* **Input data**
= = =

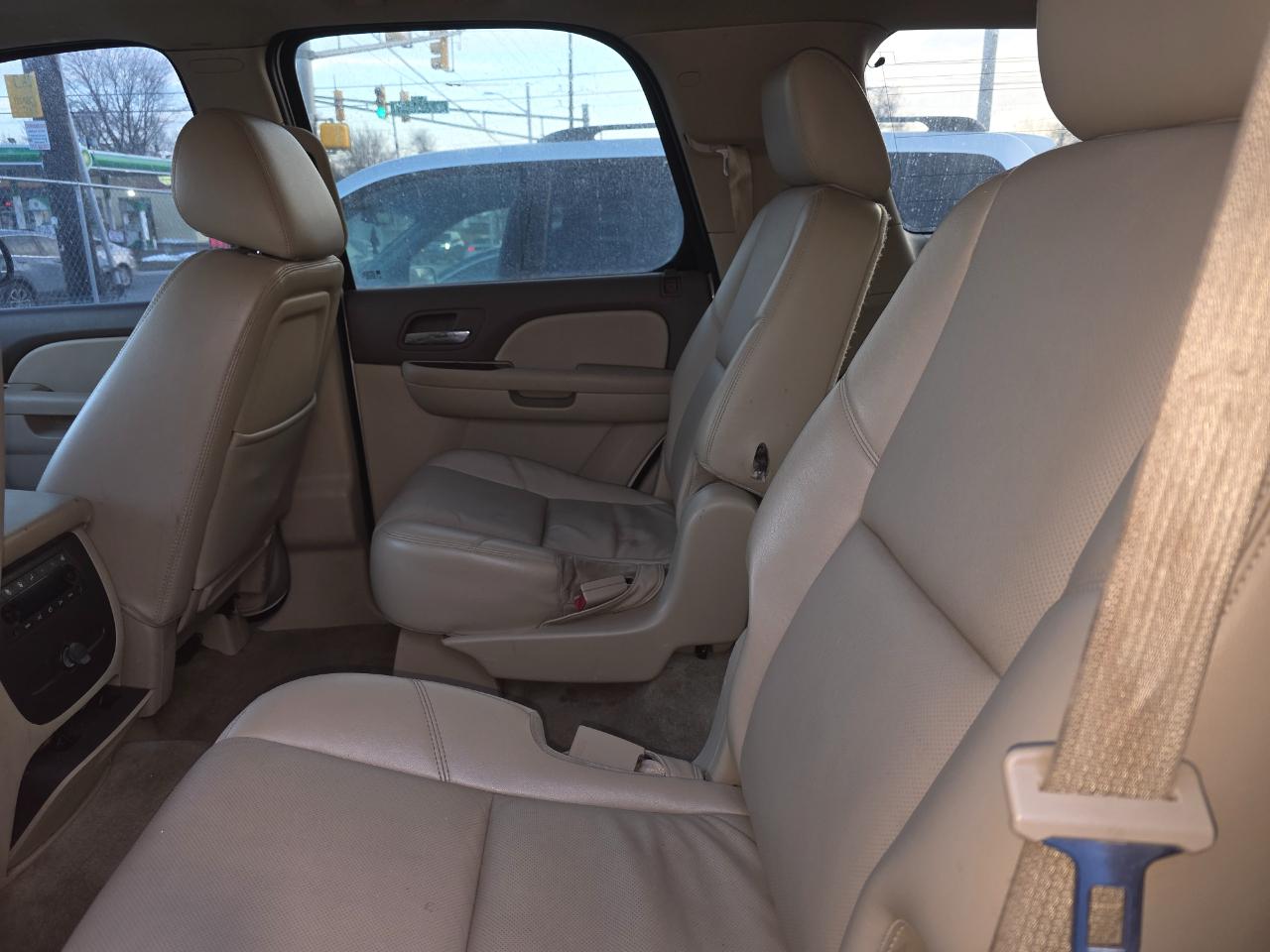 Chevrolet Tahoe LTZ 4WD 2012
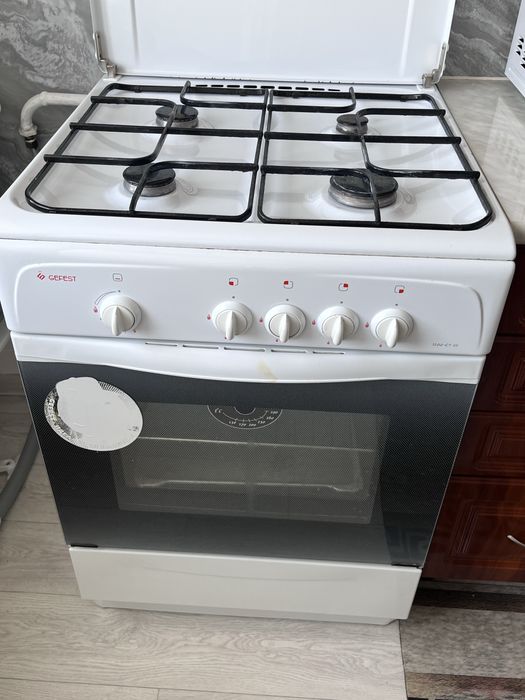 Продам газовую плиту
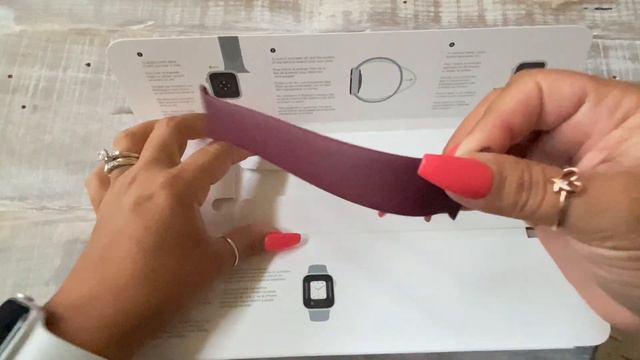 Apple Watch - Plum Solo Loop 44mm Size 8 смотреть онлайн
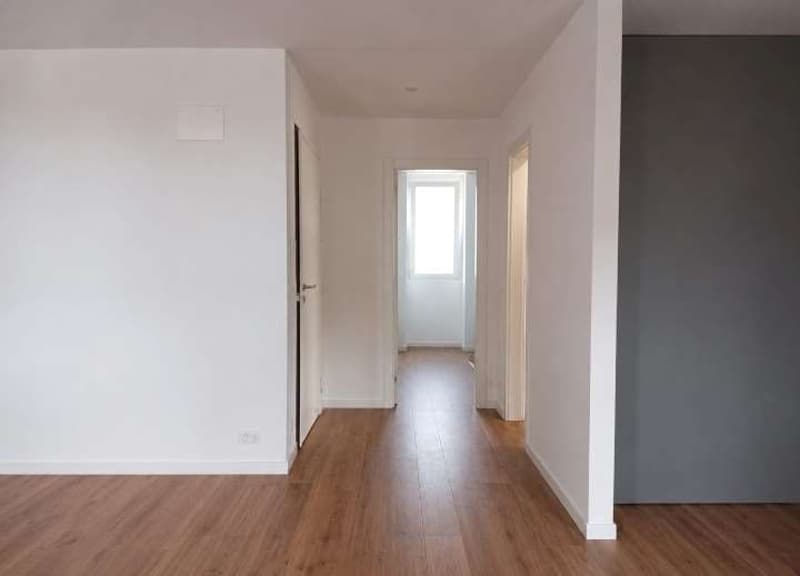 2.5 Modern in the heart of Rancate (3)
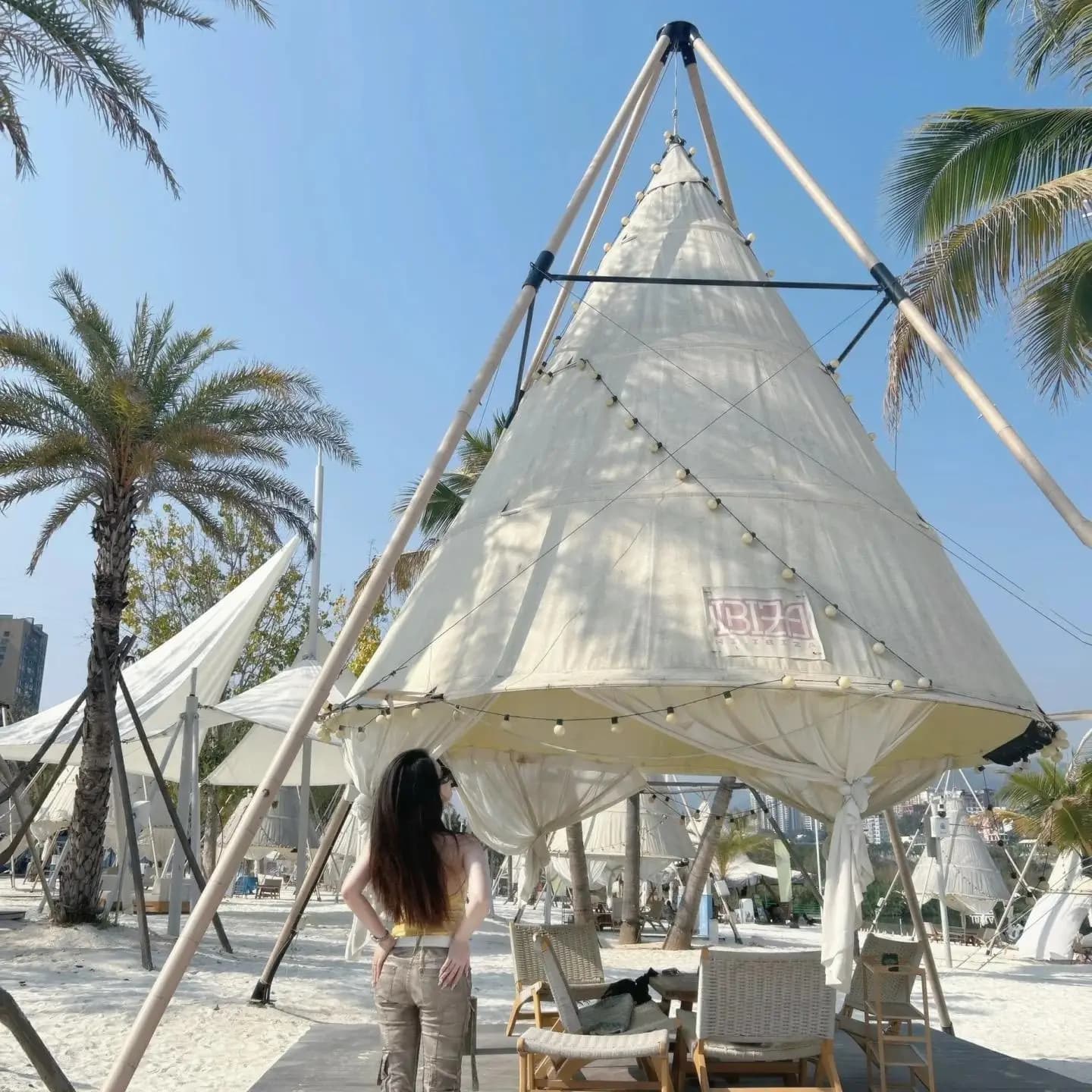 Offre spéciale Camping en plein air lanterne tente Glamping tipi Tenda pyramide conique lanterne ten
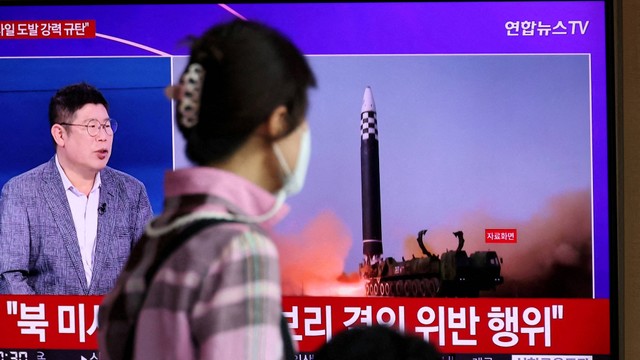 Seorang wanita menyaksikan TV yang melaporkan tentang peluncuran tiga rudal Korea Utara termasuk yang dianggap sebagai rudal balistik antarbenua (ICBM), di Seoul, Korea Selatan, Rabu (25/5/2022). Foto: Kim Hong-Ji/REUTERS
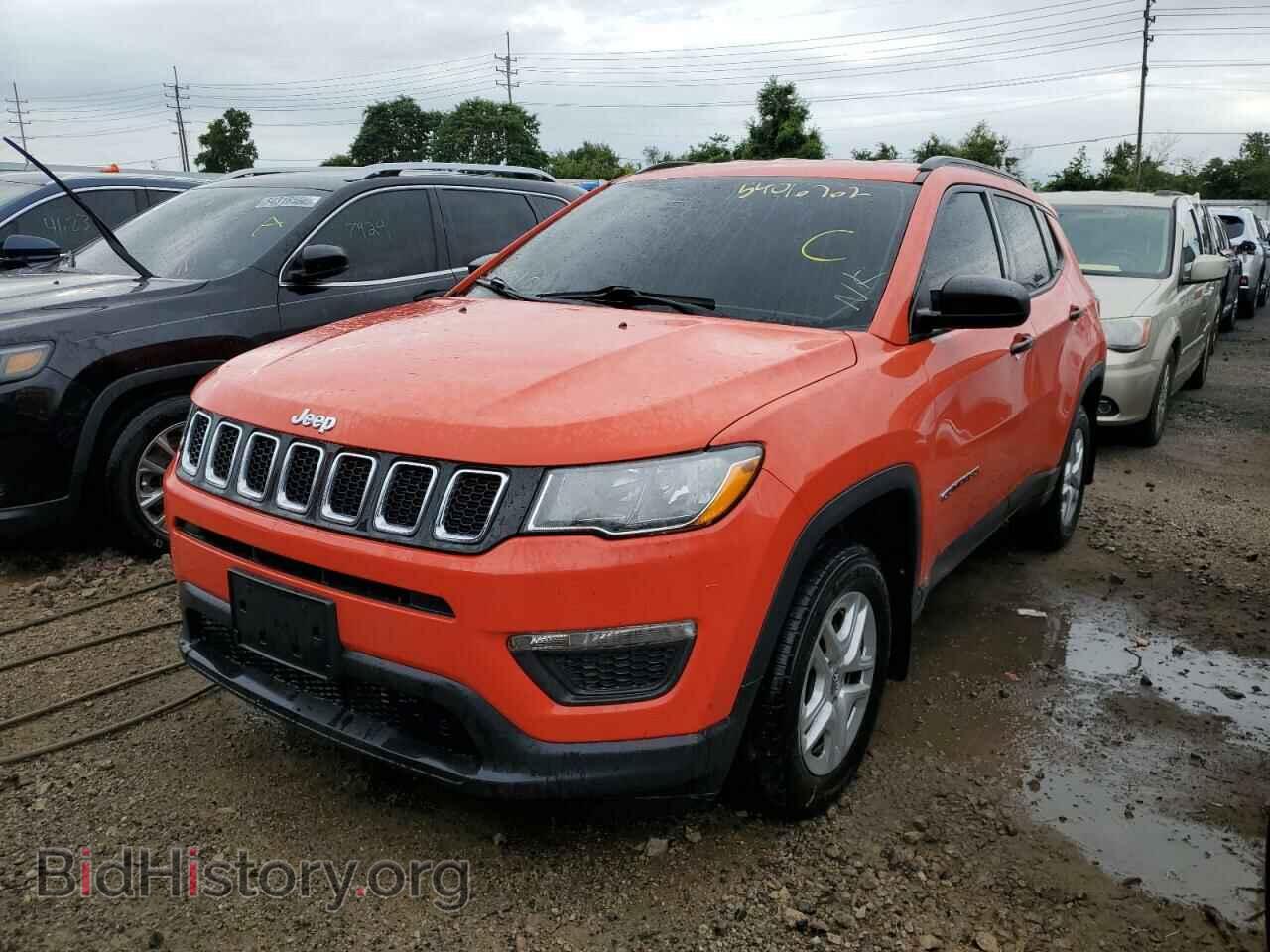 2018 JEEP COMPASS - VIN: 3C4NJDAB7JT200341 - Фото 2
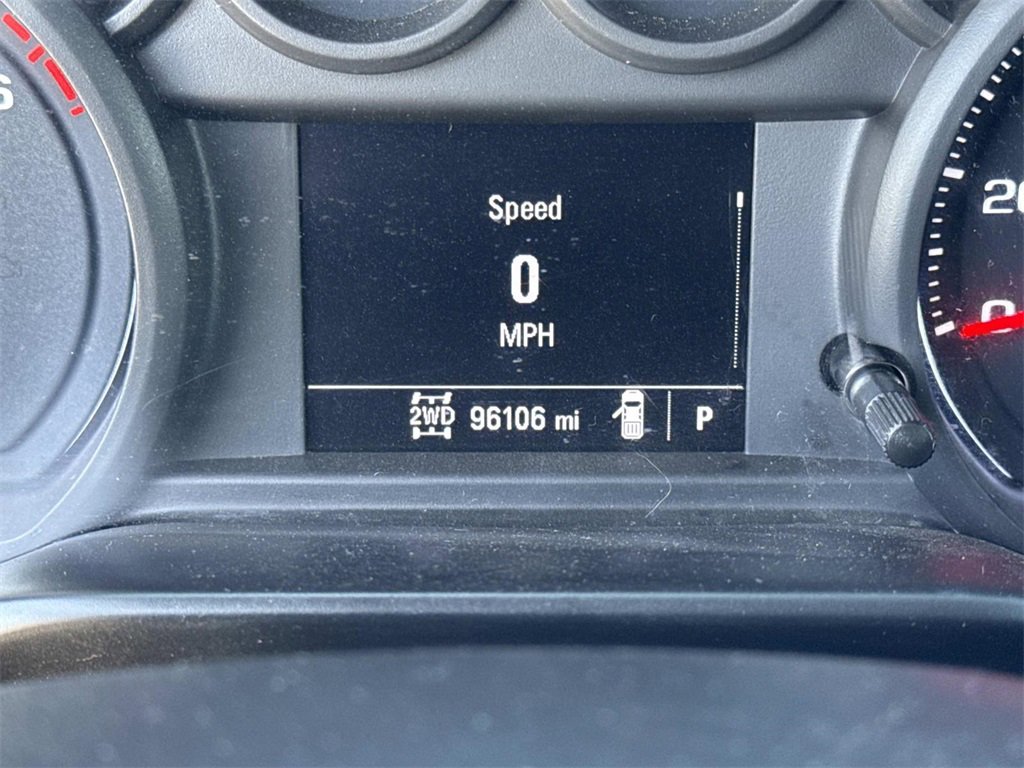 Used 2023 Chevrolet Silverado 2500 Custom w/ Custom Convenience Package image 15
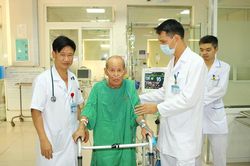Phẫu thuật phổi thành công cho cụ ông 90 tuổi có nhiều bệnh phức tạp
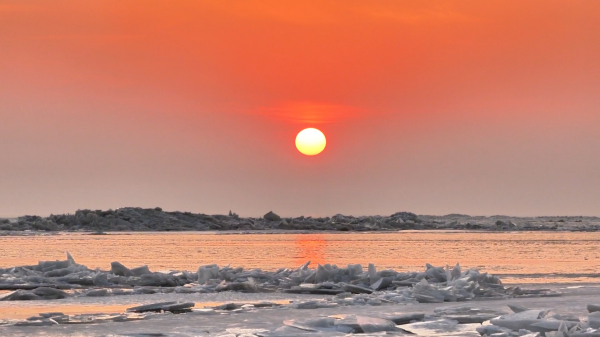 兴凯湖逐渐封冻 现“龙鳞”景观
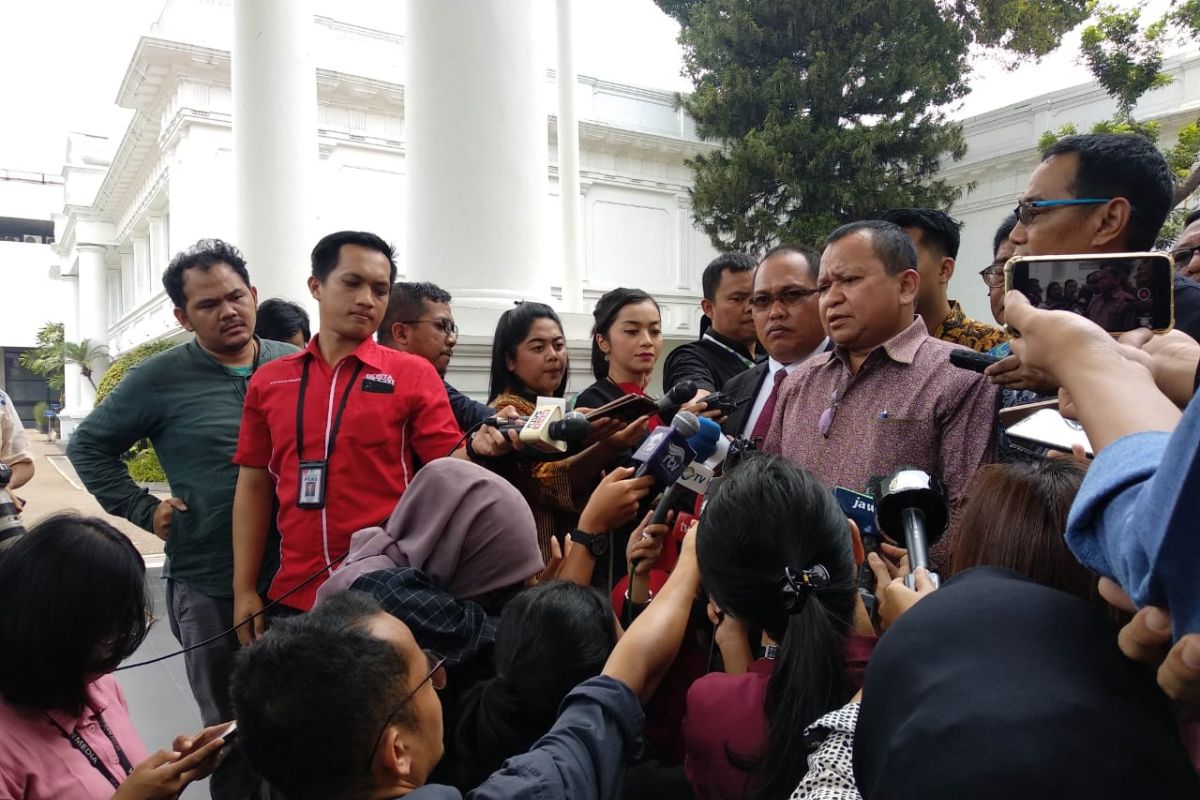 Sejumlah paguyuban masyarakat perantau di Papua menemui Presiden Jokowi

= = =

* **Task objective**
Put down exactly the lines of the data above that run from its first line through the line bearing "Offre spéciale Camping", and no pictures.

* **Task solution**
 Chevrolet Tahoe LTZ 4WD 2012
 Продам газовую плиту
 Apple Watch - Plum Solo Loop 44mm Size 8 смотреть онлайн
 2.5 Modern in the heart of Rancate (3)
 Offre spéciale Camping en plein air lanterne tente Glamping tipi Tenda pyramide conique lanterne ten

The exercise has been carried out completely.